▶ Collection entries

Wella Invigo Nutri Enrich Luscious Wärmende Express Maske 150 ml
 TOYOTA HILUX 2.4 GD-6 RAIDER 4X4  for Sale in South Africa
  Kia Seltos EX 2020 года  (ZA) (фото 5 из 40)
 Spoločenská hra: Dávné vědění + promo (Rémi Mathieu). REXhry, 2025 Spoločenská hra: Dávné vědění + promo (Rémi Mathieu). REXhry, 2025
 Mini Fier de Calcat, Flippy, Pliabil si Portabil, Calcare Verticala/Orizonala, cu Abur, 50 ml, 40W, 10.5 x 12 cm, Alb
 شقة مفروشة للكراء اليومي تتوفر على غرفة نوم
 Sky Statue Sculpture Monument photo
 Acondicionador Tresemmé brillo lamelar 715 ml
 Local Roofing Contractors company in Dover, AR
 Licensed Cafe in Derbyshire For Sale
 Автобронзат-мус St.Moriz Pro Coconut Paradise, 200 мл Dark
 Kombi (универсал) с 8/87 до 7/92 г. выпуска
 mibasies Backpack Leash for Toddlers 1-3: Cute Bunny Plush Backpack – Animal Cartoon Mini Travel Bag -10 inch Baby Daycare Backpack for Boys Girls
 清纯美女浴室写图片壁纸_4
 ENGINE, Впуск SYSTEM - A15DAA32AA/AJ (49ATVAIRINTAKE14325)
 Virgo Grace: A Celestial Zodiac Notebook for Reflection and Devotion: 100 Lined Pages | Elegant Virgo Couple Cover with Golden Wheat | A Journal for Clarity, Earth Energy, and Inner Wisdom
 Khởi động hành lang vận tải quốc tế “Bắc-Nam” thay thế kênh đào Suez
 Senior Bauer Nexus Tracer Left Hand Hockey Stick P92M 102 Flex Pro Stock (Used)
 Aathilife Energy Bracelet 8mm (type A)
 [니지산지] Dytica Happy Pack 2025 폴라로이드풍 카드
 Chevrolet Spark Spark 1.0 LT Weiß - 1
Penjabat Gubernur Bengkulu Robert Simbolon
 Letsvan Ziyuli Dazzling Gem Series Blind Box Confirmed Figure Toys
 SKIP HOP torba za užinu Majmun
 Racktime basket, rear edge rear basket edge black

▶ Exercise objective
From the first line of the data above through the line containing "REXhry, 2025 Spoločenská", repeat each line exactly, and add nothing.

▶ The answer
Wella Invigo Nutri Enrich Luscious Wärmende Express Maske 150 ml
 TOYOTA HILUX 2.4 GD-6 RAIDER 4X4  for Sale in South Africa
  Kia Seltos EX 2020 года  (ZA) (фото 5 из 40)
 Spoločenská hra: Dávné vědění + promo (Rémi Mathieu). REXhry, 2025 Spoločenská hra: Dávné vědění + promo (Rémi Mathieu). REXhry, 2025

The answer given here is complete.